For a long moment, he thought she might not take it. But she was cold, and not an idiot. She pulled it on, and he took the movement as an excuse to come closer, wrapping the enormous coat around her, loving the way she curled into the heat of it. The heat of him.
He wanted to wrap her in his heat forever.
They stood in silence for a long moment, the scent of lemons curling around him, all temptation.
“I wish you would get on with it,” she said, breaking the quiet with anger and frustration.
He tilted his head. “With what?”
“With my unmasking. It is why I am here, is it not?”
It had been, of course. But now— “It is not yet midnight.”
She gave a little laugh. “Surely you needn’t stand on ceremony. If you unmask me early, then I can leave, and you can resume your position of valued duke.
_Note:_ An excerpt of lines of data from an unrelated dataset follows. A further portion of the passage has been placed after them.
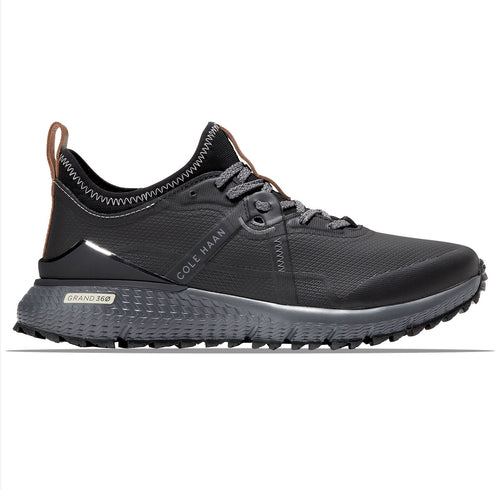 ZEROGRAND Overtake Golf Black/Quiet Shade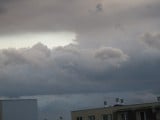 Viharos idő Tiszaújvárorban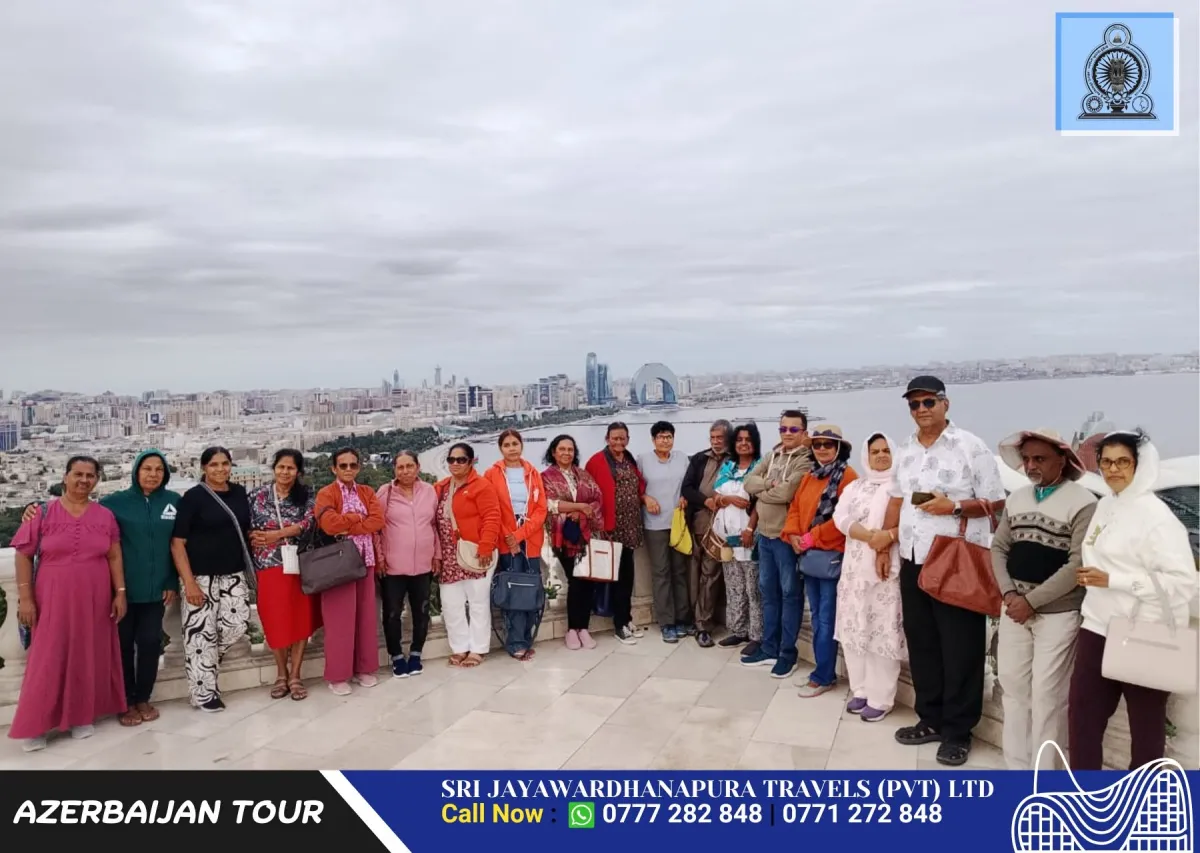 Azerbaijan Tour - October 2025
You’ve been waiting long enough for it.”
“Twelve years,” he said, watching her carefully, seeing the desperation in her eyes. “Another hour is nothing.”
“And if I told you it was something to me?”
His eyes tracked her face. “I would ask why you are suddenly so eager to be revealed.”
“I am tired of waiting. Tired of standing on tenterhooks, until you decide my fate. I am tired of being controlled.”
He wanted to laugh at that. The idea of his having any control over her was utter madness. Indeed, it was she who consumed his thoughts. Who threatened his quiet, logical life. Who threw it into disarray. “Have I controlled you?”
“Of course you have. You’ve watched me. Purchased my clothes. Inserted yourself into my life. Into the life of my charges. And you’ve made me . . .” She trailed off.
“Made you . . .” he prompted.
For a moment, he thought she might say she loved him. And he found that he desperately wanted the words.